そんなお客様へ「革についての基礎知識」を
皮(革)って、自然です
- 皆様、ご自身の手をご覧ください
これも皮(革)です
シミもあるし、シワもあります
では、お腹をご覧ください
ここも皮(革)です・・・
例えば、牛革は牛の皮です
牛の皮にもいろんな部分があります
おなか、背中、脚、おしり
どの部分もシワの入り方は均一ではありませんよね
しかも一頭、一頭
同じ牛はいませんから、同じ状態というのは考えられないですよね
だから自然なのです。

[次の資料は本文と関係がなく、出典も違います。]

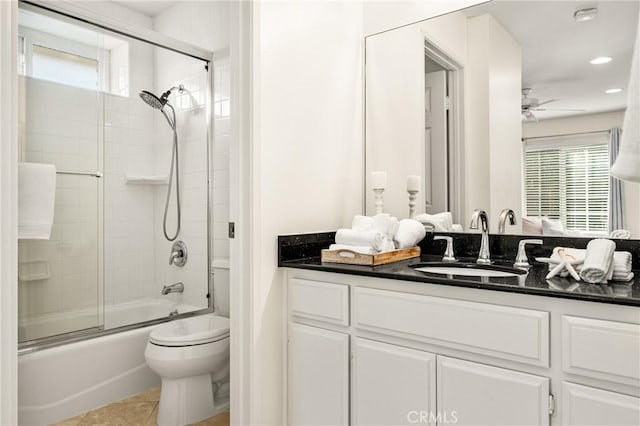 full bathroom featuring tile patterned floors, ceiling fan, combined bath / shower with glass door, toilet, and vanity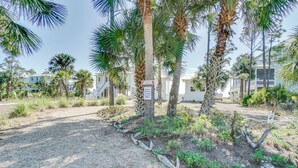 A paved pathway lined with palm trees and a sign indicating a private driveway.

人工的ではないのです。
違うことが自然なことなのです。
皮には傷が必ずあります
- 傷やシミのある革って良くない革なんじゃない?と思いがちですが、
本当にそうなのでしょうか?
革は天然の素材であるが故に、傷やシミが付き物です
それを隠す製法がある、ということなのです
革の銀面を薄く削り、傷を消します
その上からたっぷりの染料を塗り、型押しなどをすれば傷はほとんど分からなくなるのです
それは、皮(革)本来の味を消す加工をする、ということです
皮に傷があっても、それは自然なことなので
革職人たちは製品にしたときに問題はない程度であれば
あえて神経質に除外しないことのほうが多いです
革の歴史が古い欧米では、
こういった傷なども好意的に受け止められていますし
日本ではこういった革が人気があるのも事実です
その革製品が、自然を生かした製法であるならば
傷、シミもちろんシワも、あって然るべきなのです。
色ムラは革製品につきもの
- 革に色を入れるとき、当然色ムラになります
色ムラが目立たない(分からない)のは、濃いブラックの場合だけです
革は紙ほど色が浸透しない素材ですし、厚みも均等ではないので
色ムラに仕上がることが自然なことなのです
ただこれも、色ムラにならないよう革の味を消す方法もあります
それには厚い塗装が必要になります
あえて、合成皮革のように仕上げます
このような自然の皮がお好きなお客様は十分な理解をお持ちです
新品時に気になっていたお客様が「使うことで気にならなくなりました」という声はよく伺います。
革製品は使うものです。
使うからこそ革は「味が出る」と表現される所以だと思います。
ヴィンテージ加工やアンティーク調などの加工が
流行から定番になっていることも革の理解につながっていることだと思います
革を鞣す
- 皮が革になるためには 鞣し という作業があります
様々な薬品を使って科学的に皮を処理することで、腐敗や硬くなるのを防ぐため
鞣し剤を使いますが、その鞣し剤によって革の特性が違ってきます
鞣しには大きく分けて二つありますし、その二つを併用する方法もあります
クローム鞣し
- 今流通している革製品の多くがこの方法になっています
金属鞣しの一つで、鞣し剤に「塩基性硫酸クローム塩」を使用します
柔軟性があり伸びが大きく、弾力もありますし、軽い仕上げとなります
コストパフォーマンスも良く、大量生産に向く鞣し方法です
この製法だと色ムラは分かりにくくなります
タンニン鞣し
- 植物から抽出したタンニンによって鞣す製法です
手間と時間が必要ですので、熟練職人の技が必要となるため大量生産には向きませんが
時間の経過とともに、革が育つ味わいを感じる自然の素材を生かした製法となります
革は必ず馴染みます
- 皮は、繊維で出来ています
繊維は使うことによってほぐれ、必ず馴染みます
革靴もそうなのです
特にタンニン鞣しの革はよく育つ革なので
履けば履くほど、自分の足の形に添うよう、変化を遂げていきます
靴の足の甲に入る 横一直線のシワ
これが入ってくると靴の履き心地はグンと良くなっているはずです
ほぐれるのだということが理解できると
革製品との付き合い方が上手になってきます
履き心地はその靴でなく
自分の足が作る
革を知る、ということは
自然を知る、ということ。
革が生きている実感を自分で感じながら
経年変化を遂げる素材を楽しむ
これからこの靴がどう育つかは
自分の足で、知っていく。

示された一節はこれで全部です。